Support Questions

Find answers, ask questions, and share your expertise

Why is Spark2 running on only one node?

avatar
Expert Contributor

Hi.

I am running Spark2 from Zeppelin (0.7 in HDP 2.6) and I am doing an idf transformation which crashes after many hours. It is run on a cluster with a master and 3 datanodes: s1, s2 and s3. All nodes have a Spark2 client and each has 8 cores and 16GB RAM.

I just noticed it is only running on one node s3 with 5 executors.

In zeppelin-env.sh I have set zeppelin.executor.instances to 32 and zeppelin.executor.mem to 12g and it has the line:

export MASTER=yarn-client

I have set yarn.resourcemanager.scheduler.class to org.apache.hadoop.yarn.server.resourcemanager.scheduler.fair.FairScheduler.

I also set spark.executor.instances to 32 in the Spark2 interprter.

Anyone have any ideas what else I can try to get the other nodes doing their share?

1 ACCEPTED SOLUTION

avatar
Expert Contributor

The answer is because I am an idiot. Only S3 had datanode and nodemanager installed. Hopefully this might help someone.

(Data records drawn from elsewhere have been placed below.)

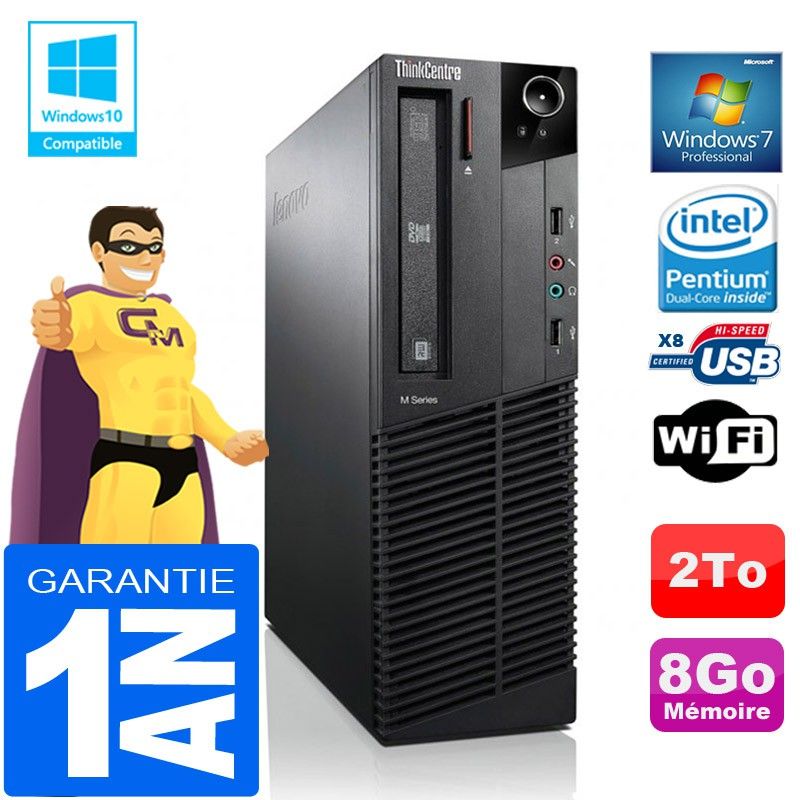 Computadora de escritorio Lenovo M92p SFF - Procesador Intel Pentium G630, 8GB de RAM, 2TB HDD, unidad de DVD, WiFi, Windows 7 Pro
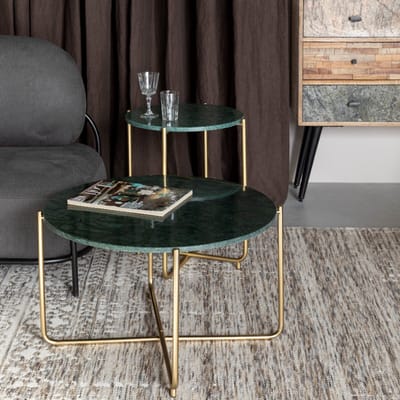 Housecraft Living Timpa Salontafel Rond 70 cm Marmer Groen/ Goud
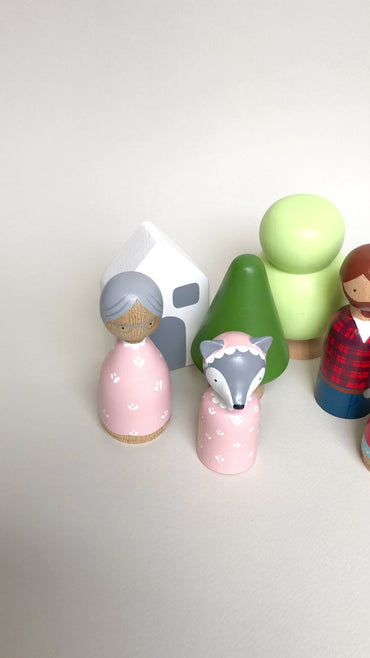 Eco-Friendly Red Riding Hood Wooden Toy Set for Toddlers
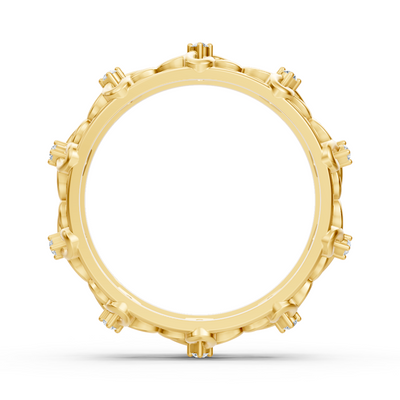 Yellow gold flower ring with lab diamonds
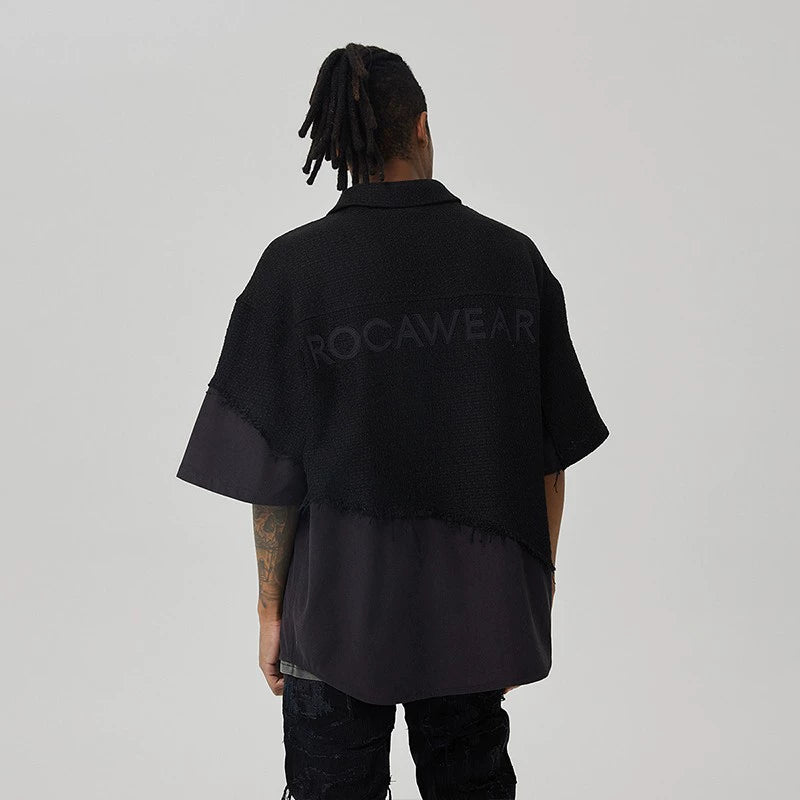 Tweed Style Patchwork Oversize Short Sleeve Shirt WN18004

View solution in original post

3 REPLIES 3

avatar
Expert Contributor

Hello

This seems to be happening because your spark have it configured to use master = [local]

1) Take a look at the link below:

https://zeppelin.apache.org/docs/latest/manual/interpreters.html#what-is-interpreter-group

2) Try to change from (master) local to yarn-client if you still have it on your interpreter.

3) If your application shows up in the Resource Manager, it's likely that it is using the yarn framework.

Regards,

avatar
Expert Contributor

Thanks Danilo but it is set to


yarn-client

avatar
Expert Contributor

The answer is because I am an idiot. Only S3 had datanode and nodemanager installed. Hopefully this might help someone.